Following the outbreak of the Russo-Ukrainian war, countries with high energy exposure to Russia have found themselves in a particularly difficult situation. Hungary is making a huge effort to find alternative solutions: one of these is the exploration of yet unexploited fossil deposits on its own territory.
Hungary’s energy supply depends to a considerable extent on imported fossil energy resources, mainly Russian oil, and natural gas. The Russo-Ukrainian war has put this source of energy at risk, making the search for alternatives a priority: in addition to the development of renewable energy resources, untapped domestic gas and oil fields could be a solution. The Hungarian MOL Group, an important player in the region, has stepped up the exploration of these resources, with its recent test drills proving successful. According to press reports, 16 out of 18 wells drilled during the shallow gas exploration program were successful, compared to an average hit rate of around 30-40% for oil and gas exploration.
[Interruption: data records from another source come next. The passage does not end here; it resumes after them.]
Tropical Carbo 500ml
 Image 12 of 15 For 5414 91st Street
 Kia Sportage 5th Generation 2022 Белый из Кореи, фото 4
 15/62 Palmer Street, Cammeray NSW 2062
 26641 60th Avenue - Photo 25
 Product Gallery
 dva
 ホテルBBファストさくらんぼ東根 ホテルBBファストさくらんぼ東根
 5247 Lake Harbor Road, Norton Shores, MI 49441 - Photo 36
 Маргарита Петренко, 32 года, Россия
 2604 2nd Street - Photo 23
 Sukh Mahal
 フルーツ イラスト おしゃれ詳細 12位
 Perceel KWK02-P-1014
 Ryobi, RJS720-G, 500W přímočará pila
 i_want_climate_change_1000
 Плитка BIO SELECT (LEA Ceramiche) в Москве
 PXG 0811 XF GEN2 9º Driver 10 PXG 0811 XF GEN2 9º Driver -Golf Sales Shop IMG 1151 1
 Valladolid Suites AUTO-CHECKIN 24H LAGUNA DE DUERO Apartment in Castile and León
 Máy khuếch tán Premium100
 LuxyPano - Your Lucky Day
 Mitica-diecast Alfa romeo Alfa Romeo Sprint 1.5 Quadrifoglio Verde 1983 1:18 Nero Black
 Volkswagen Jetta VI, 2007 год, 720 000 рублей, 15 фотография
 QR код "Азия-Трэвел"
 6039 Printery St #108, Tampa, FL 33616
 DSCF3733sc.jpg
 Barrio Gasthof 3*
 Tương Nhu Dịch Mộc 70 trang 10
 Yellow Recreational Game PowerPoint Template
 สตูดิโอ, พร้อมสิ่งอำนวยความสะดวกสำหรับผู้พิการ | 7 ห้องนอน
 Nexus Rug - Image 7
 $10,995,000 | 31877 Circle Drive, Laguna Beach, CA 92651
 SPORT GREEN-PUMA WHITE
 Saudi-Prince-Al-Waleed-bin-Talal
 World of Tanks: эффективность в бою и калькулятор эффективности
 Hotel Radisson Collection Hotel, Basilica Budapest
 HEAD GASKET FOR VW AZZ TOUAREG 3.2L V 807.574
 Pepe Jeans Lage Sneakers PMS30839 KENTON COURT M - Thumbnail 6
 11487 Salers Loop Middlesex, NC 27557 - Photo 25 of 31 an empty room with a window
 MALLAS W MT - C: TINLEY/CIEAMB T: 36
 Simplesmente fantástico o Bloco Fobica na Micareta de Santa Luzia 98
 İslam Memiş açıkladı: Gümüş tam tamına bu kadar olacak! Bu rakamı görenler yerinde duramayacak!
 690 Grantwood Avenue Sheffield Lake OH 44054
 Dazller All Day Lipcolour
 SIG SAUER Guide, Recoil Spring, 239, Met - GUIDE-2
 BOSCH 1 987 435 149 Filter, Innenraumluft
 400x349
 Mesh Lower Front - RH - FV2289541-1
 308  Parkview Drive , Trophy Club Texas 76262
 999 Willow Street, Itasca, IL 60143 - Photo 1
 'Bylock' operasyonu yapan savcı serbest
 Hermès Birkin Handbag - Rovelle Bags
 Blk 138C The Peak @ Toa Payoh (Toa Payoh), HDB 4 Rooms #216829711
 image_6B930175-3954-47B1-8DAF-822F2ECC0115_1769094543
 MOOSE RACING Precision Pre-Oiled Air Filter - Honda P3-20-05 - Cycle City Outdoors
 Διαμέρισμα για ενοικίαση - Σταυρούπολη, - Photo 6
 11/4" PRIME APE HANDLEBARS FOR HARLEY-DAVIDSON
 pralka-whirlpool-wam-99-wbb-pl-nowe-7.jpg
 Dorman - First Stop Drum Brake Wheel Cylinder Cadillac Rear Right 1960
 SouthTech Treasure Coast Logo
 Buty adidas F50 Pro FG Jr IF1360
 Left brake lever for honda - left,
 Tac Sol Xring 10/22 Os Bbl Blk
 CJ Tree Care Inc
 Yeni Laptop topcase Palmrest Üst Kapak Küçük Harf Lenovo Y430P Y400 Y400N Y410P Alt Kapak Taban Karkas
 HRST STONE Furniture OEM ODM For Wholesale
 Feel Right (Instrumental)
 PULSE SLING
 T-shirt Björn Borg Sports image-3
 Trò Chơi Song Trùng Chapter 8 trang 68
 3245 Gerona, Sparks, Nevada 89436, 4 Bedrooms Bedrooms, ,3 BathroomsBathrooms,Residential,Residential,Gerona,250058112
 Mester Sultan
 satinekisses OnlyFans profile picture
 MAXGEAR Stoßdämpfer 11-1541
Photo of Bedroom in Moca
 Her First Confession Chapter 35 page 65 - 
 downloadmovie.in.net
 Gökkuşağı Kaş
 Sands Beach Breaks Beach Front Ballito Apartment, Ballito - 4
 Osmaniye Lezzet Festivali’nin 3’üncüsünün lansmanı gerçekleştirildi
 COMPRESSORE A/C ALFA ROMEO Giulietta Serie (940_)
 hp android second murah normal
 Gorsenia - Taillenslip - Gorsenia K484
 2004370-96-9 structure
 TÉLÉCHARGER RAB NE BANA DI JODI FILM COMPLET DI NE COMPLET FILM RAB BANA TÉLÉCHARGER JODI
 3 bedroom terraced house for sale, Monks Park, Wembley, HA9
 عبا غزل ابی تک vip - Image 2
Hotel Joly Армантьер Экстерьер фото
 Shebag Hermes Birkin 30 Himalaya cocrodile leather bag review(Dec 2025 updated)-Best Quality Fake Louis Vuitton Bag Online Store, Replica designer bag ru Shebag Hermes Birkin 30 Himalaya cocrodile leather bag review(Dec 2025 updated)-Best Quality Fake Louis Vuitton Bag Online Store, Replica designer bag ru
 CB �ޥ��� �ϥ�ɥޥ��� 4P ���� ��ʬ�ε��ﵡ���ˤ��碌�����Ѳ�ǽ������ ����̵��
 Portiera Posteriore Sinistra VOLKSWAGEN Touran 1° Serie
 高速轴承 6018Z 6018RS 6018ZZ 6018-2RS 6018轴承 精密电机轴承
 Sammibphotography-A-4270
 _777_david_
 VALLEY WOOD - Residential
In addition to a domestic exploration of fossil energy resources, new gas power plants will be built to reduce Hungary’s energy dependence. Two new power plant units, each with a maximum capacity of 500 MW, are planned to be built at the Tiszaújváros site of the MVM Tisza Power Plant and one at the Visonta site of MVM Mátra Energia Zrt’s Mátra Power Plant with a maximum capacity of 650 MW. The Tiszaújváros units will produce an average of 5,200 GWh, while the Mátra unit will produce 3,800 GWh of electricity per year.